When they first embarked on their Brighton House project, Ben Stibbard and Kate Fitzpatrick, Principals of Melbourne based architecture practice Auhaus, say they became “preoccupied with creating a house that felt open on a constrained pocket site”. The 500 square meter corner plot in this affluent coastal suburb can only be described as an ‘odd-shape’ and the challenge set by the owner / developer was to create a private space.
“We wanted to create a sense of entry and keep the light in the site but also didn’t want a fishbowl, the sense of privacy was also important,” says Fitzpatrick. “We came up with a concept, which enabled the structure to hug the boundary but feel surrounded by green and have some protected spaces.”
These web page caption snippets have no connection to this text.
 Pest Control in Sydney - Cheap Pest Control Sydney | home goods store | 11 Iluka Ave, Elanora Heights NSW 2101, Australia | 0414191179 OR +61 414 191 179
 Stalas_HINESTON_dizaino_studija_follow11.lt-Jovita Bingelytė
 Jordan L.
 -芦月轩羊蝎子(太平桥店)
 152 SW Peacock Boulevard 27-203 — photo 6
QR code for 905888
The solution allows views from the front to the back of the house creating a generous feel and flow that gives the illusion of a far bigger space. The widened entry creates an impact that is enhanced by the unique exterior finish. The owner requested a strong façade to the house and Auhaus were keen to avoid the ‘typical Brighton House’ of neutral render and glass.
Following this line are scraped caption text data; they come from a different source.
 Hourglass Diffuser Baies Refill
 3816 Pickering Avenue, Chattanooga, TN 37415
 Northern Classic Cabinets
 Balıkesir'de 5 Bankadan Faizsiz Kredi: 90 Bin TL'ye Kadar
“We considered how to draw attention to the form of the building and ensure it presented strongly from the street to further enhance the entry experience,” says Stibbard. “We have used black exterior finishes in projects before and knew that it would provide impact and reduce the structure to a single form.”
The team liked the aesthetic of a stained timber exterior to contrast with, and highlight, the planned verdant green landscaping for the property. Timber cladding of course can be challenging to maintain, not least in Australian coastal environments such as this. Thermally treated timbers were considered given their resistance to the elements and minimal maintenance requirements.